DESCRIPTION OF THE TASK
Only the lines from the beginning of the entries through the one with "Men Genuine Leather" should be written out, please, exactly and without any pictures.

Stored data:
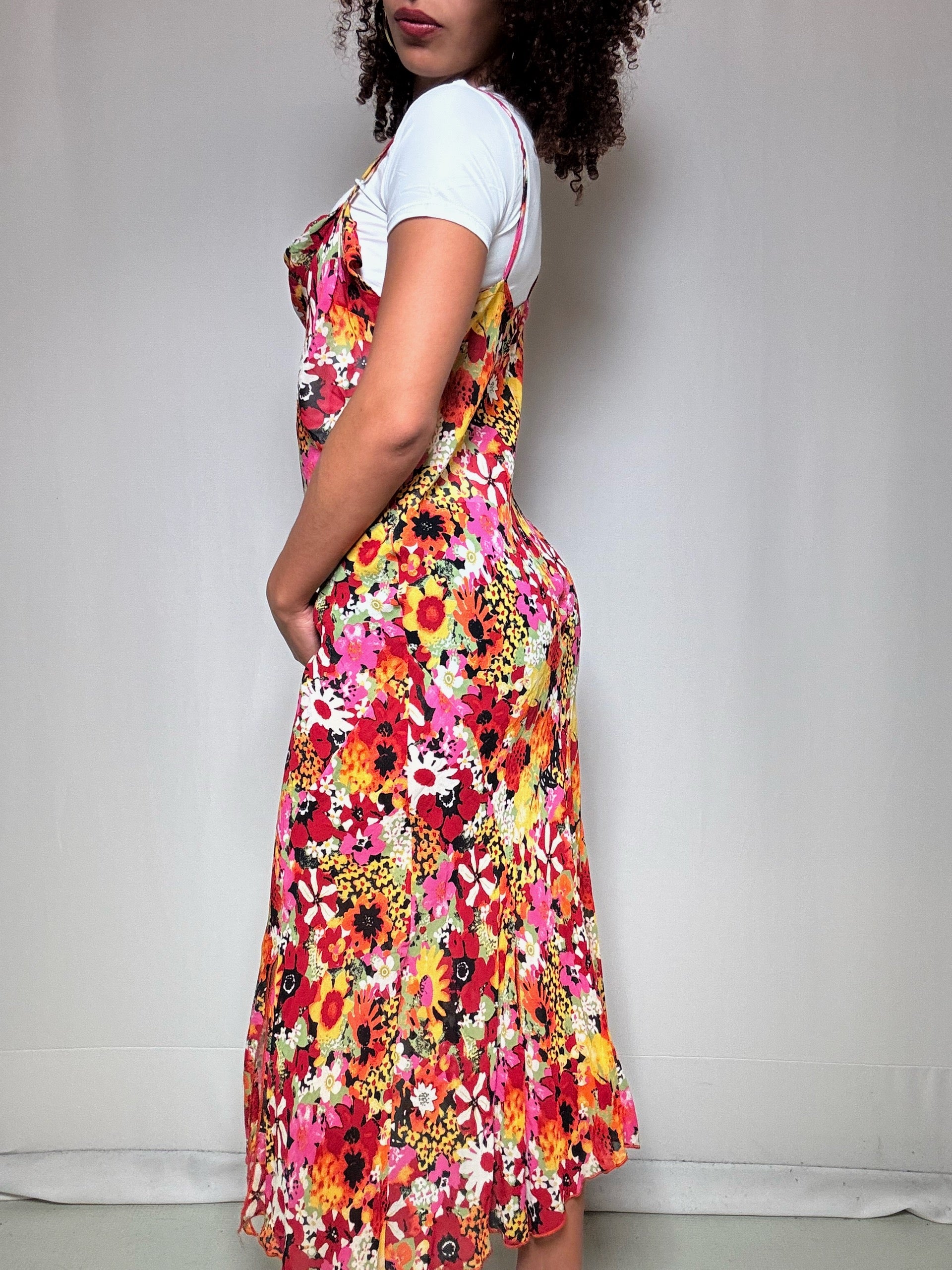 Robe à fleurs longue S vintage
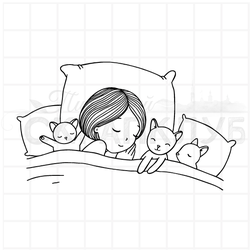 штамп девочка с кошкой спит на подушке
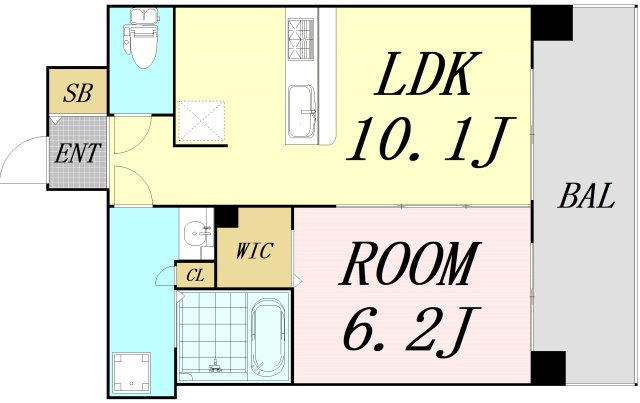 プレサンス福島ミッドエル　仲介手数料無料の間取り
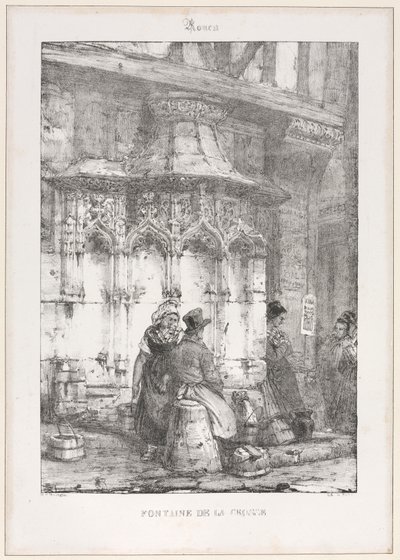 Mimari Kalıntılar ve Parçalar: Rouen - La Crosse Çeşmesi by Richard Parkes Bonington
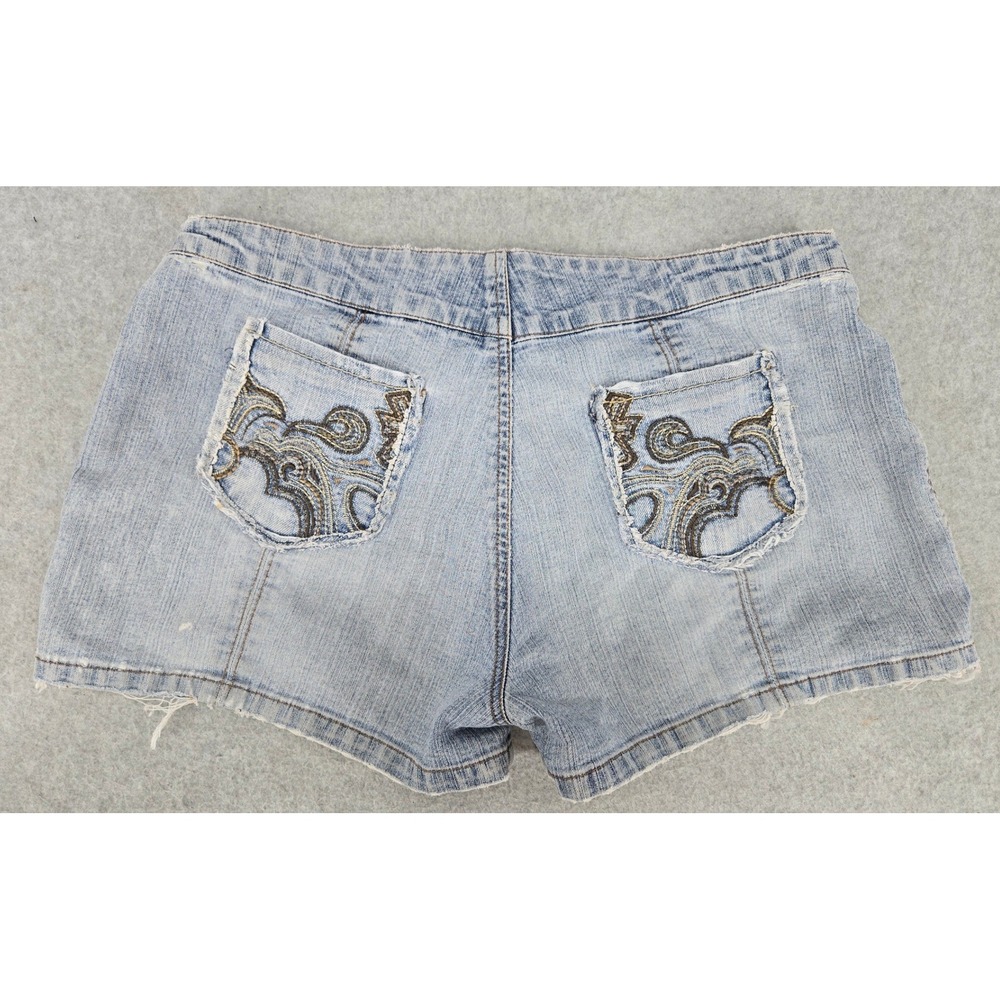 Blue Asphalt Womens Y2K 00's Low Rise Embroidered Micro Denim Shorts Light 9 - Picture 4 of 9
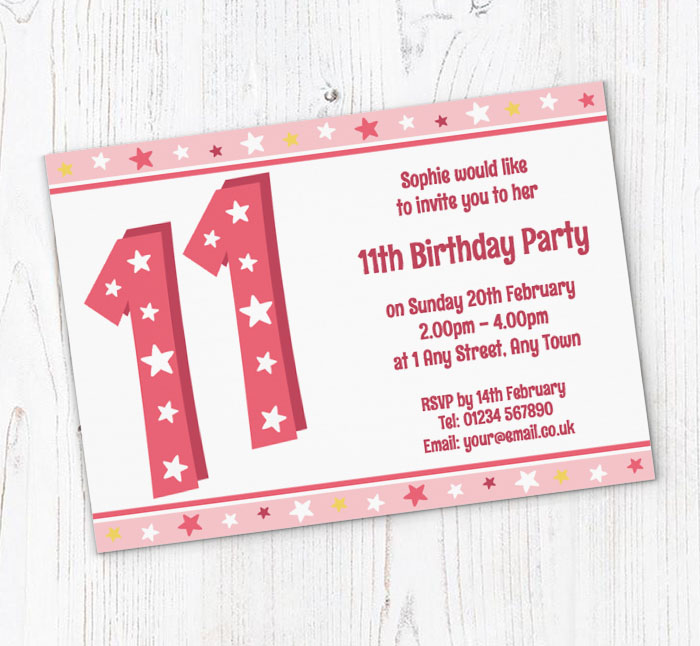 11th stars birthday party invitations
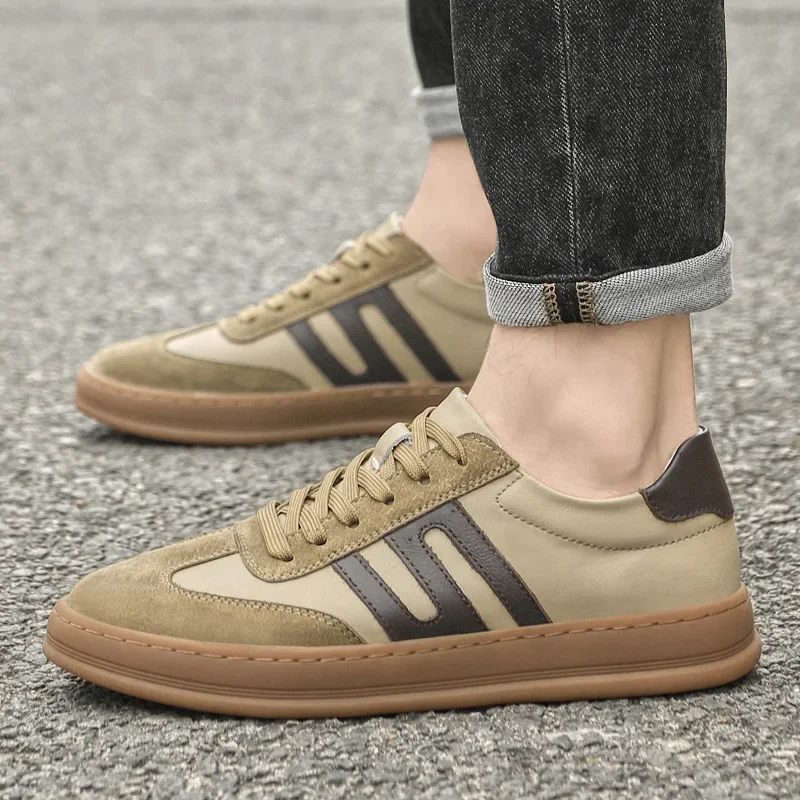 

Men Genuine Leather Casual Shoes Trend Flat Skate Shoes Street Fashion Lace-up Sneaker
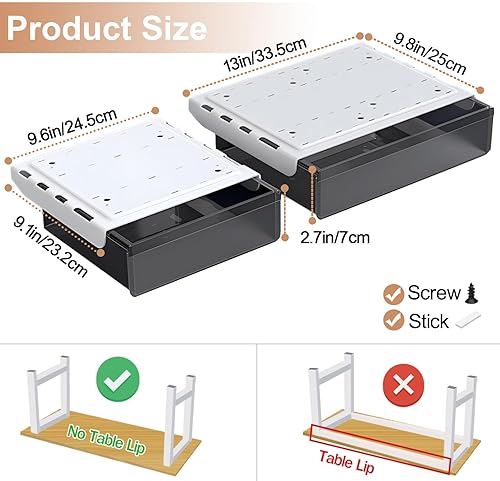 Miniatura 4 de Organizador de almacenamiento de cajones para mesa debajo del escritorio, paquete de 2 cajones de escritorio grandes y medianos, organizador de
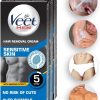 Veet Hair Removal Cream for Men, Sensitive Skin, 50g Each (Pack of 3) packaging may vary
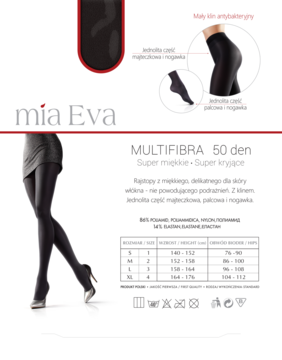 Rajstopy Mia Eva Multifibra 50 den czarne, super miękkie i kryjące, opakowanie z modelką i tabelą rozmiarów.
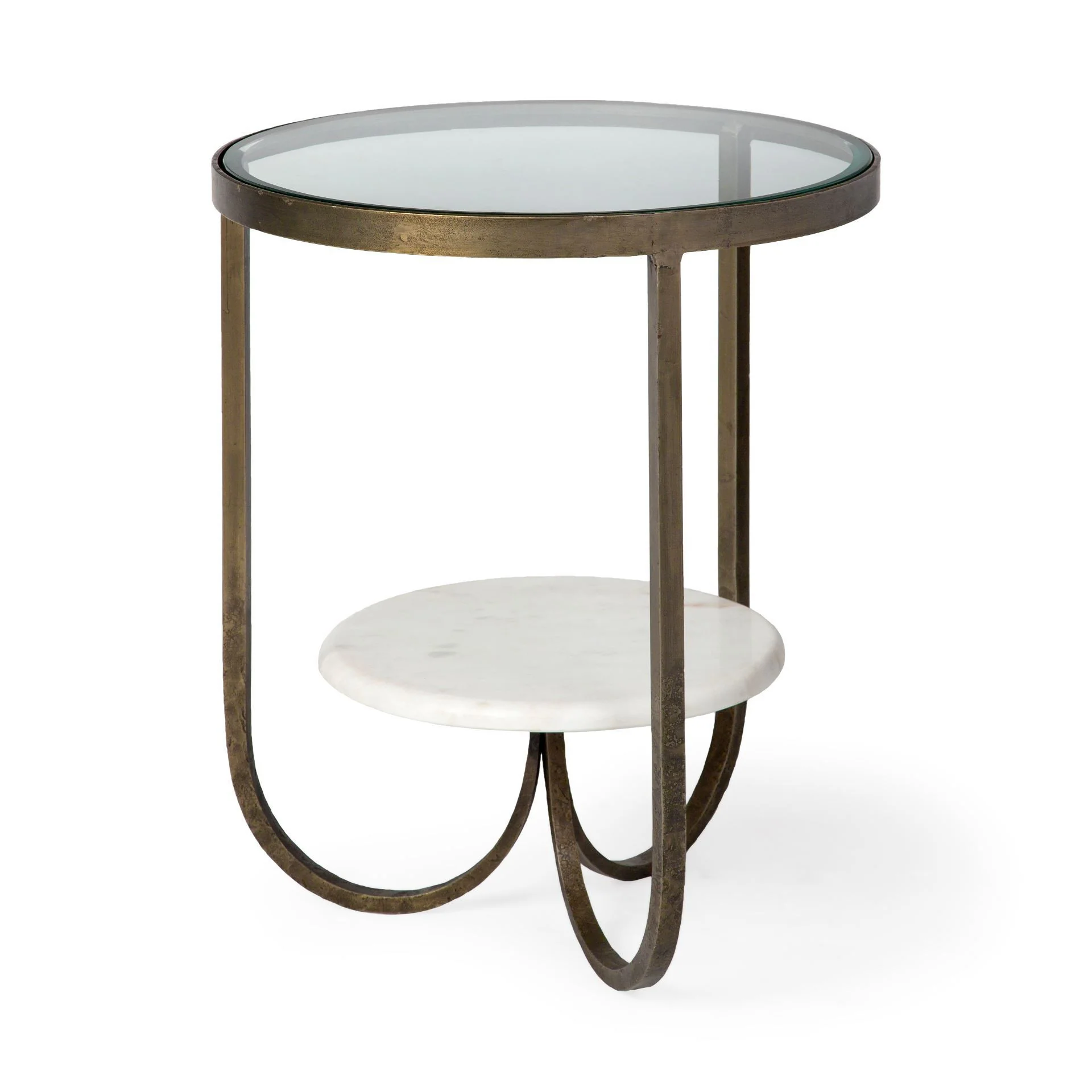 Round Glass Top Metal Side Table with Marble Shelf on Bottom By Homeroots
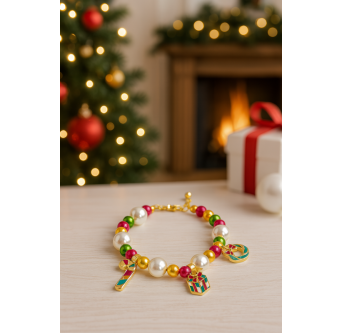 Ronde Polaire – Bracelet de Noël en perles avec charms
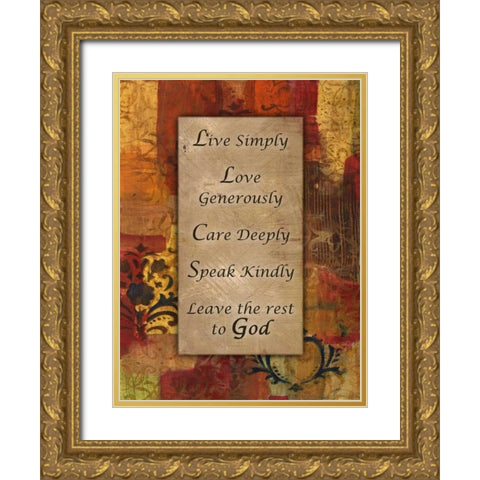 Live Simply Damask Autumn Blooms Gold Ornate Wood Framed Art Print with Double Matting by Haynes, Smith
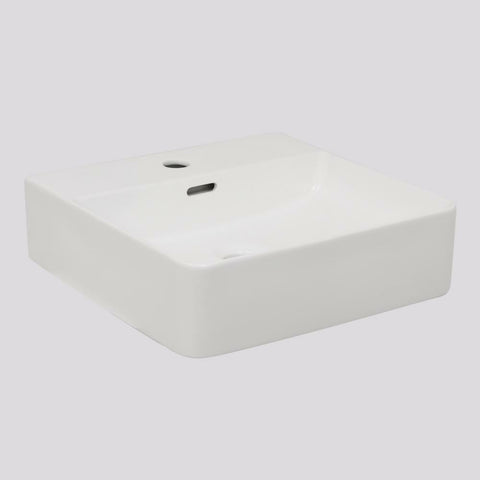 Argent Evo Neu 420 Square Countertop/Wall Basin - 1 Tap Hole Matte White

ANSWER BOX
 Robe à fleurs longue S vintage
 штамп девочка с кошкой спит на подушке
 プレサンス福島ミッドエル　仲介手数料無料の間取り
 Mimari Kalıntılar ve Parçalar: Rouen - La Crosse Çeşmesi by Richard Parkes Bonington
 Blue Asphalt Womens Y2K 00's Low Rise Embroidered Micro Denim Shorts Light 9 - Picture 4 of 9
 11th stars birthday party invitations

Men Genuine Leather Casual Shoes Trend Flat Skate Shoes Street Fashion Lace-up Sneaker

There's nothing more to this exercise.